“Incomplete” and “go back to the drawing board” were sentiments most commonly echoed in the comments filed with the Federal Energy Regulatory Commission on the Draft Environmental Impact Statement for the proposed Atlantic Coast Pipeline over the past two weeks. ABRA has posted on its website comments from over 50 organizations and individuals that provide a broad overview of the serious shortcomings of the DEIS. Here are excerpts from some of them:

Appalachian Mountain Advocates

  • . . . the Commission has fundamentally misapplied NEPA in its assessment of the impacts of the Atlantic Coast Pipeline. Instead of issuing a thorough agency assessment of environmental impacts and alternatives on which the public can meaningfully comment, the Commission treats its draft EIS as a data request to the developers—a mere stepping stone on the Commission’s way to gathering more information and eventually understanding the impacts of the proposed project. This draft EIS reads like a laundry list of missing and incomplete information. But that falls far short of what NEPA requires.
  • Nowhere is the problem of self-dealing with the Atlantic Coast Pipeline more apparent than in the discrepancies between the electricity demand forecasts from PJM and Dominion Virginia Power. PJM is the regional transmission organization that manages the electrical transmission grid in all or parts of thirteen states, including Virginia and North Carolina, and the District of Columbia. . . PJM’s 2017 forecast for the Dominion zone is substantially less—approximately 3,500 MW less—than Dominion Virginia Power’s own projection from its 2016 integrated resource plan proceeding at the Virginia State Corporation Commission.
  • . . . disposal of the excess material created by ridgeline construction along the entire length of the ACP and SHP corridors would require spoil deposition on hundreds or even thousands of acres of land, with attendant impacts to water quality. . . Because FERC has failed to analyze the critical issue of excess spoil disposal in any meaningful way, the DEIS does not satisfy NEPA.

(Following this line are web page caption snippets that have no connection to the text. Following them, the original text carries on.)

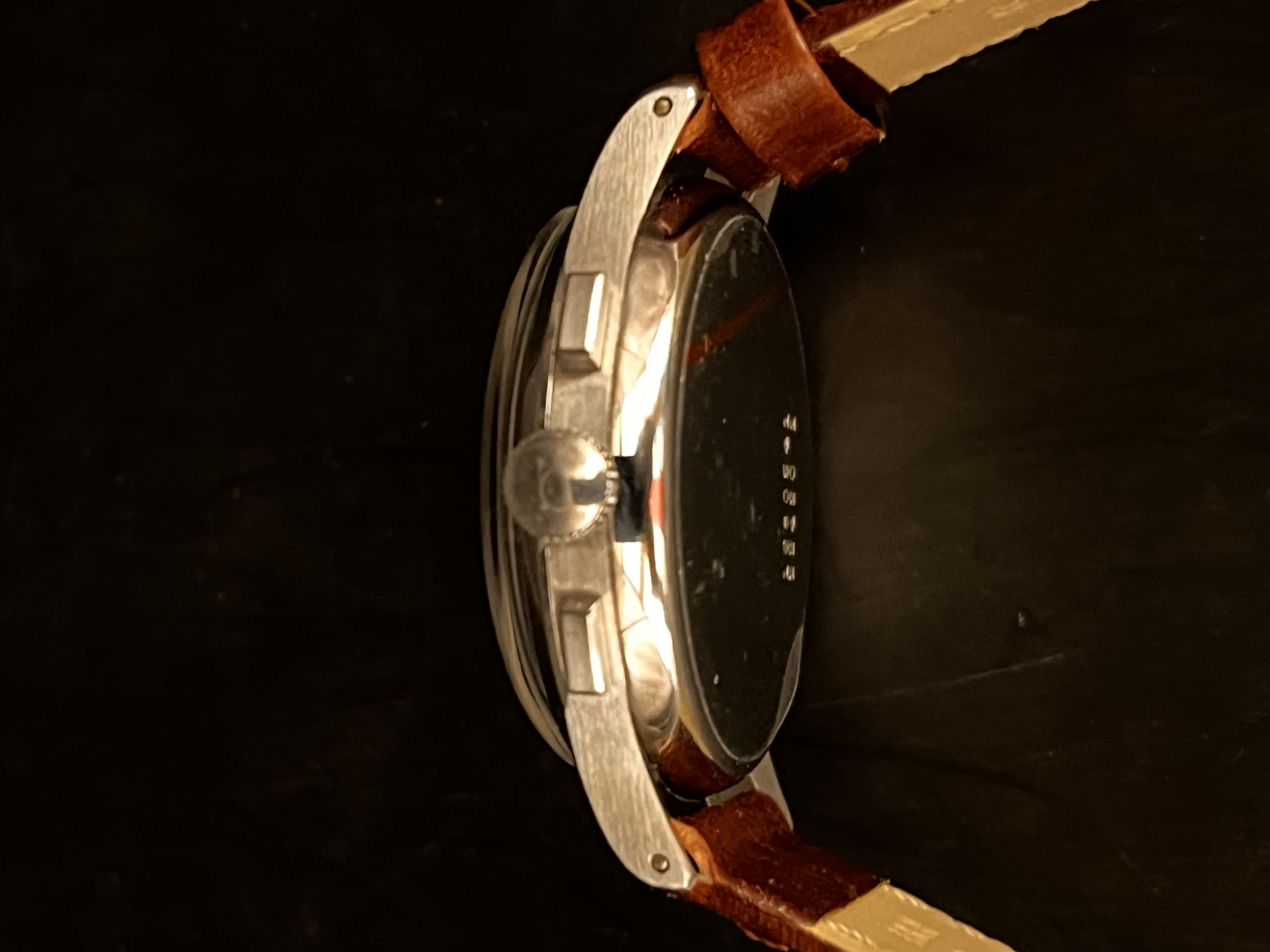 Imagem 4 de Universal Geneve “Uni-Compax” ref. 22420, anos 50 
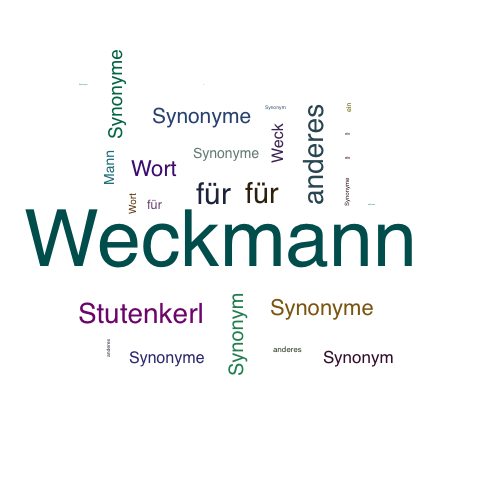 Ein anderes Wort für Weckmann - Synonym Weckmann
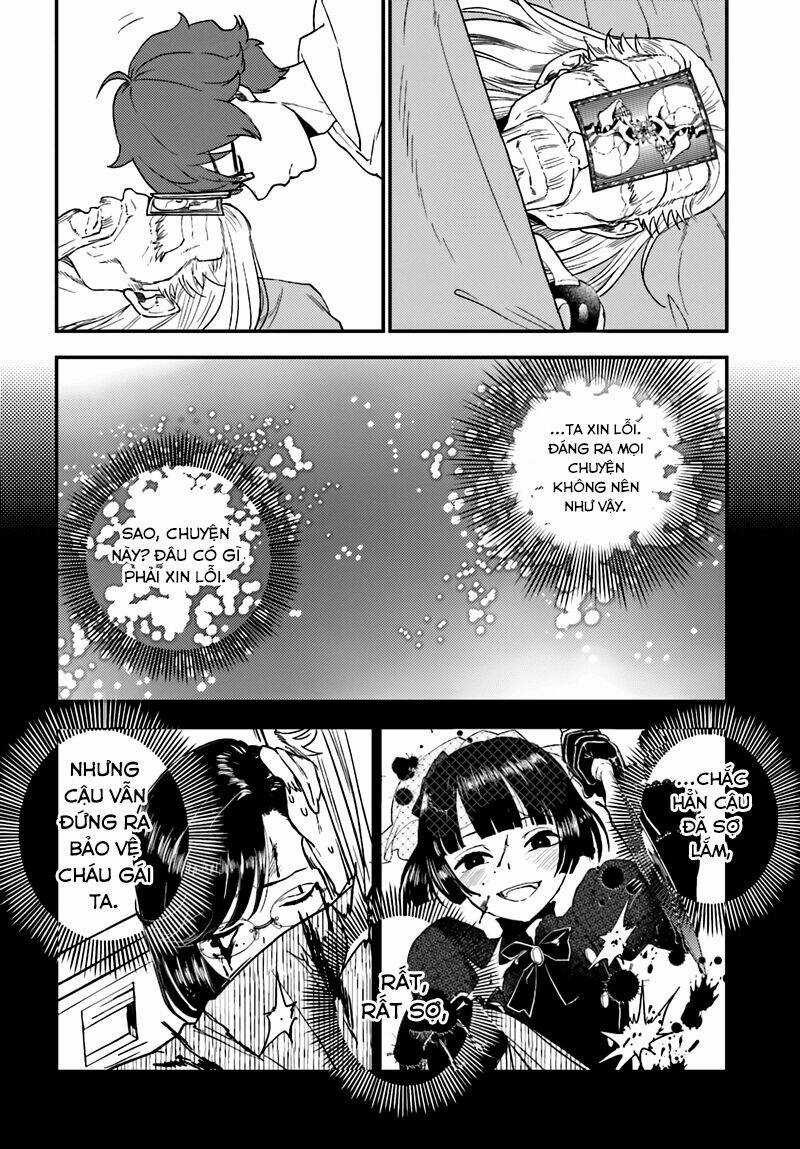 Mayonaka No X Giten - Chapter 20 - Trang 16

    Note: Included in an attachment are the results of a study of a two-mile segment of the route in Pocahontas County, WV. It is estimated that the ridgetop removal occurring in this short segment would produce a volume of spoilage equal to an 8-story building with the circumference of a football field!)

U.S. Department of Interior, National Park Service

  • As proposed, the pipeline will cross the Appalachian National Scenic Trail in Augusta and Nelson County, Virginia . . . The proposed method of construction uses the horizontal directional drill (HDD) method . . . NPS supports the Forest Service position that no construction would take place on National Forest System lands until the HDD or contingency crossing is successful.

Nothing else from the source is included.